> [THE TASK]: Only the text of the records belongs in the answer, copied exactly, with every picture omitted.

> [EXCERPTED DATA]:

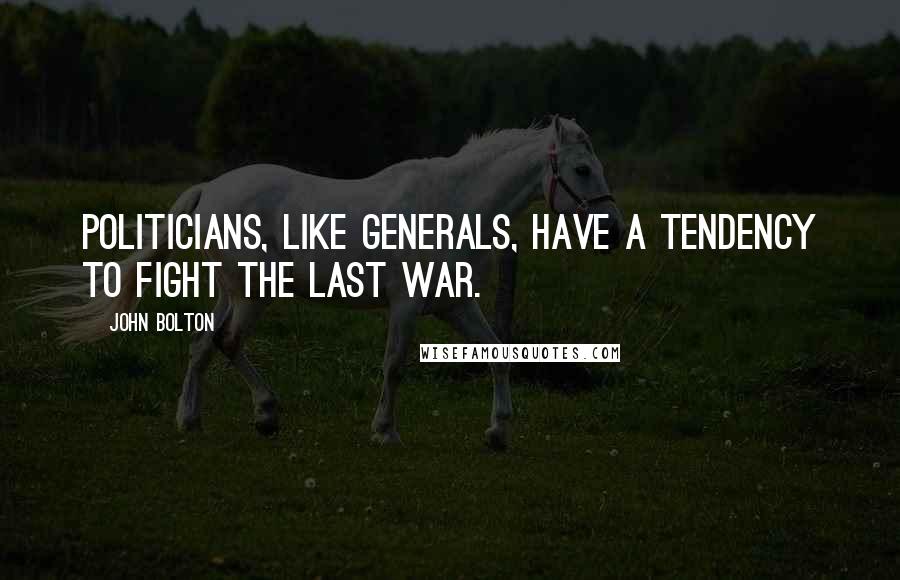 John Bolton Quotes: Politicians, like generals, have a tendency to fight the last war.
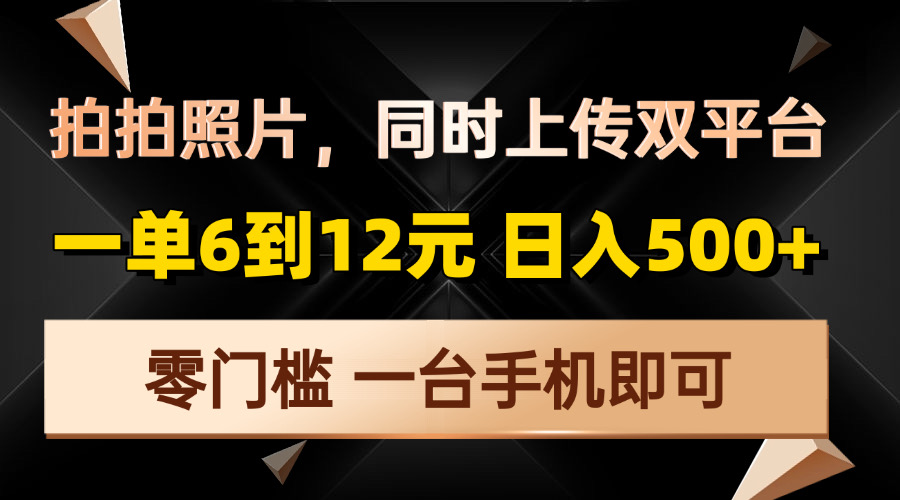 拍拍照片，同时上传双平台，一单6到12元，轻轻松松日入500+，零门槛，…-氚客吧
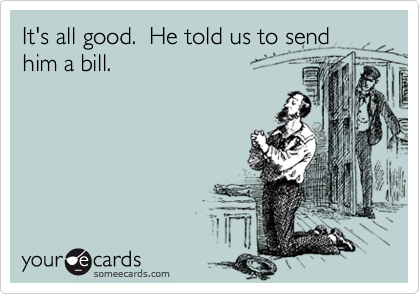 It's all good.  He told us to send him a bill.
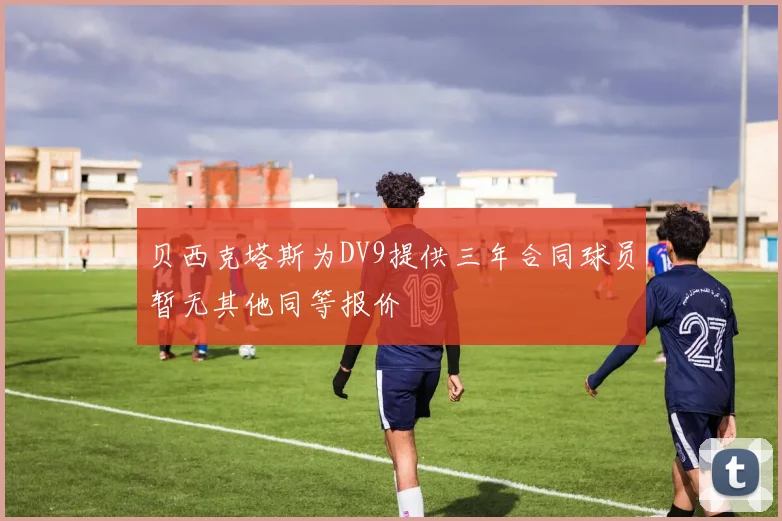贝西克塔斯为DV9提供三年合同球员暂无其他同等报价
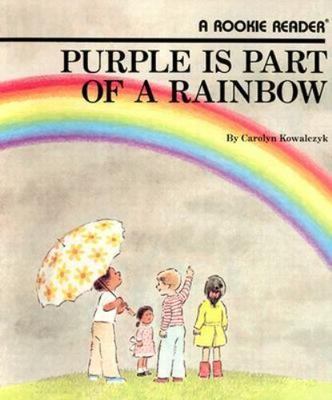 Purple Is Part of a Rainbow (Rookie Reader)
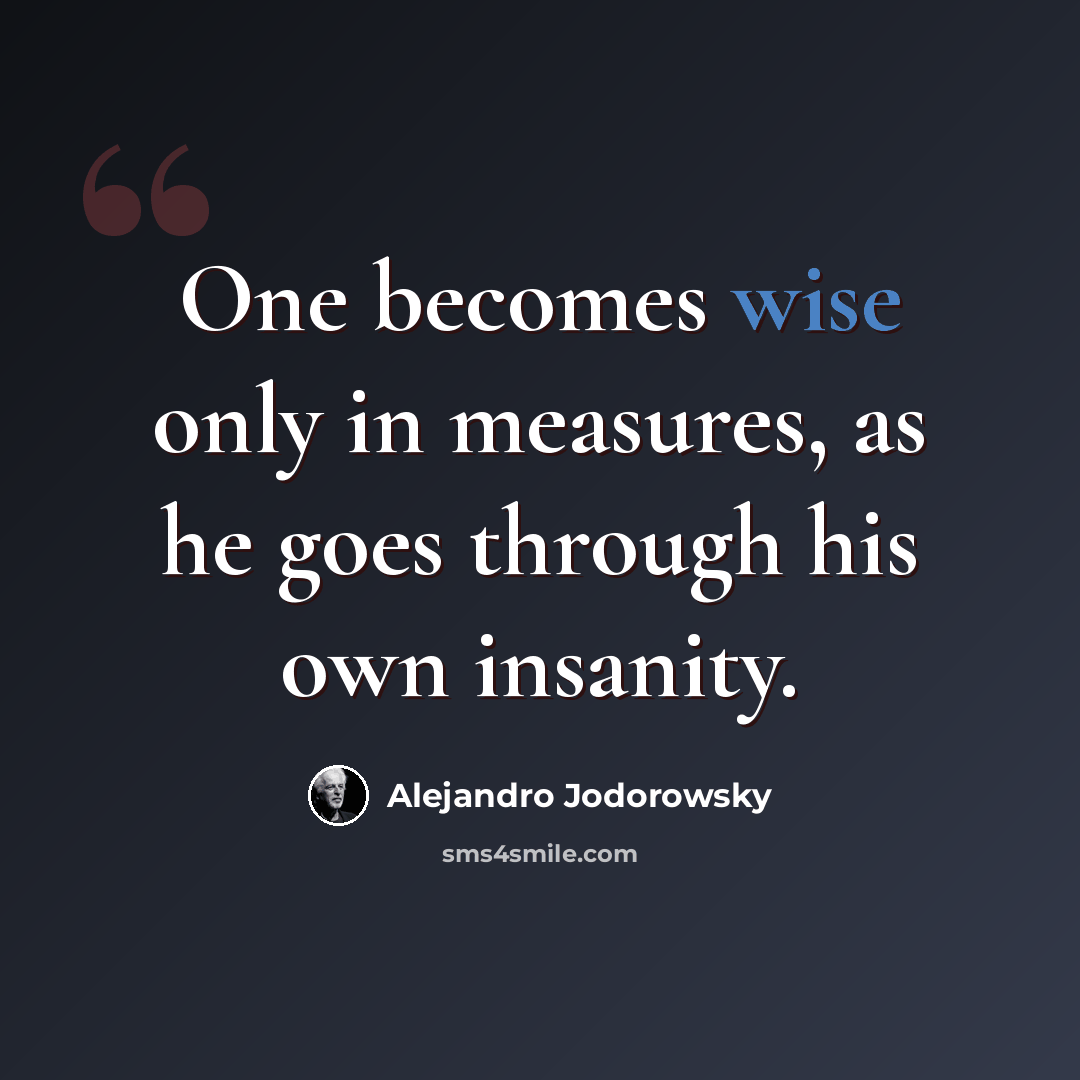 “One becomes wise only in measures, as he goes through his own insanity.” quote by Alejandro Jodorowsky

> [ANSWER TO THIS EXERCISE]:
 John Bolton Quotes: Politicians, like generals, have a tendency to fight the last war.
 拍拍照片，同时上传双平台，一单6到12元，轻轻松松日入500+，零门槛，…-氚客吧
 It's all good.  He told us to send him a bill.
贝西克塔斯为DV9提供三年合同球员暂无其他同等报价
 Purple Is Part of a Rainbow (Rookie Reader)
 “One becomes wise only in measures, as he goes through his own insanity.” quote by Alejandro Jodorowsky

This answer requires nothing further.